Annahme / Prognose: In Firefox 57 »lauern« demnach zwischen 3500 bis 21000 Bugs, wovon ein Teil vermutlich (schwerwiegende) Sicherheitslücken hervorrufen wird. Nehmen wir mal an Mozilla hat ein wirklich gutes Qualitätsmanagement / Softwareentwicklungsprozess und in den Betas wurden viele Bugs bereits gefixt – noch dazu verwendet Mozilla als Programmiersprache Rust. Dann können wir die aktuell vorherrschenden Bugs in FF57 womöglich auf 500 – 1500 reduzieren. Wohlgemerkt Bugs, nicht zwangsläufig Sicherheitslücken.

An dieser Stelle werden einige von euch vermutlich den Wunschgedanken hegen, dass die heutige Softwareentwicklung viel moderner sei und bspw. aufgrund automatisierter Tests weit weniger Bugs produziert. Aus der Praxis als Pentester kann ich euch berichten: It’s not true! Die Fehler sind heute nur andere, aber nicht zwangsläufig weniger kritisch für die Sicherheit.

Beim Wechsel auf neue Software oder auch bei großen (Software-)Updates verhalte ich mich daher eher konservativ. Wenn die »alte« Software es noch tut bzw. gepflegt wird, sollte man nach meiner Auffassung und gerade mit Blick auf die Sicherheit, einfach mal abwarten und nicht »jeden heißen Scheiß« installieren. Und verwechselt »einfach mal abwarten« an dieser Stelle bitte nicht mit, »ab jetzt verweigere ich jedes (Software-)Update«.

Persönlich nutze ich immer die Firefox ESR-Version (Extended Support Release) – dort laufen aktuell auch noch alle Browser-Addons. Die alte Code-Basis ist über die letzten Jahre gut analysiert worden und daher wohl sicherer als jedes Rewrite. Spätestens mit Firefox 59 wird es dann eine neue ESR-Version geben. Mein Bauchgefühl sagt mir, dass Mozilla auch mindestens bis März 2018 / Firefox 59 brauchen wird, um einen Großteil der neu eingebauten Bugs zu fixen.

*: Steve McConnell (Code Complete: A Practical Handbook of Software Construction, Second Edition, 2004, ISBN: 0735619670)

(a) Industry average experience is about 1 – 25 errors per 1000 lines of code for delivered software. […]

(b) The Applications Division at Microsoft experiences about 10 – 20 defects per 1000 lines of code during in-house testing and 0.5 defects per 1000 lines of code in released product (Moore 1992). […]
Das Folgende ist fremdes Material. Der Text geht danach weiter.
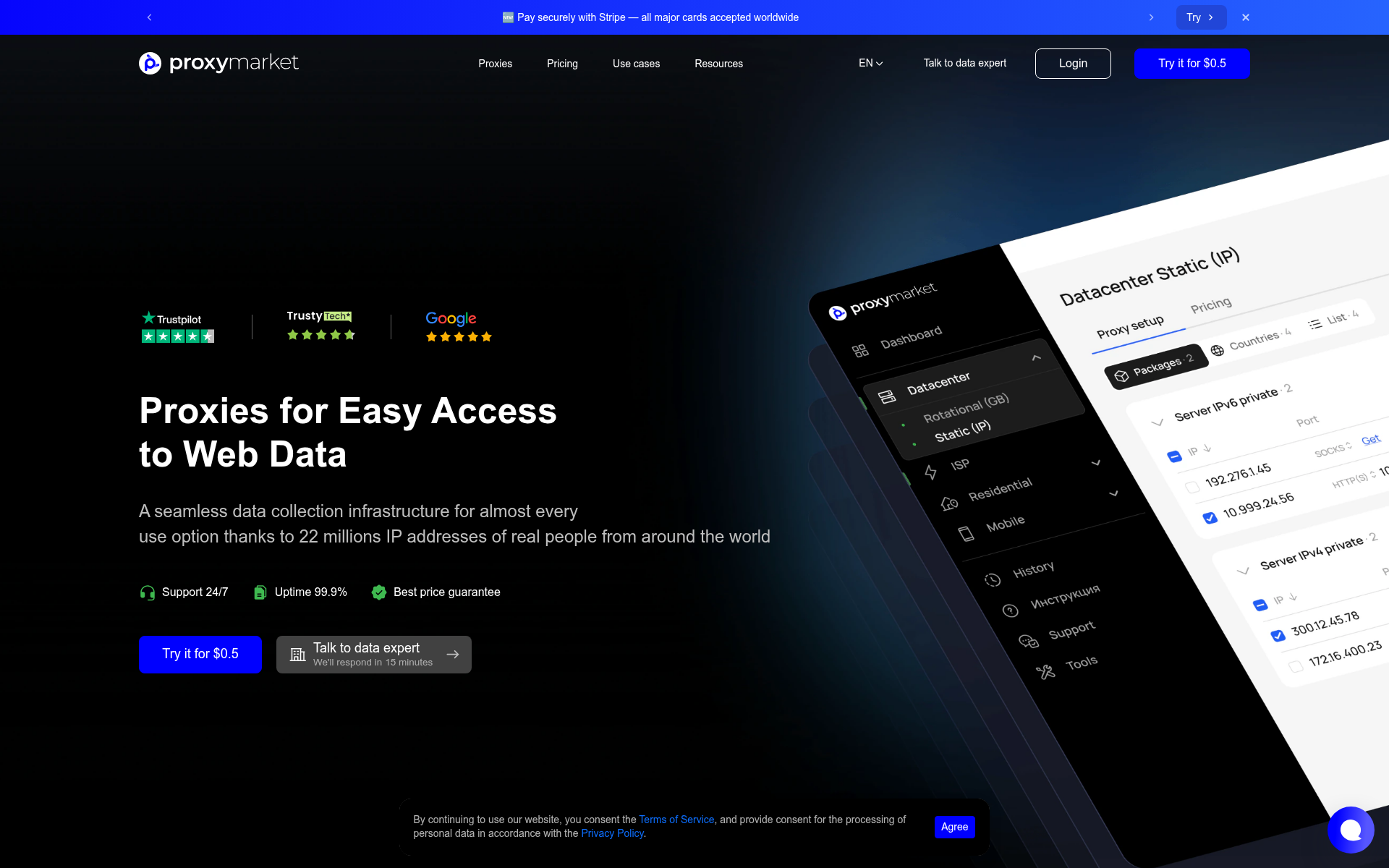 Screenshot of proxy.market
(c) Harlan Mills pioneered “cleanroom development,” a technique that has been able to achieve rates as low as 3 defects per 1000 lines of code during in-house testing and 0.1 defects per 1000 lines of code in released product (Cobb and Mills 1990). […]

(d) Watts Humphrey reports that teams using the Team Software Process (TSP) have achieved defect levels of about 0.06 defects per 1000 lines of code. […]

Wer aktuellere Zahlen bzw. Statistiken hat, der kann mir gerne einen Hinweis zukommen lassen. Wenn nicht, ist das der Maßstab – wir haben schlichtweg keinen anderen.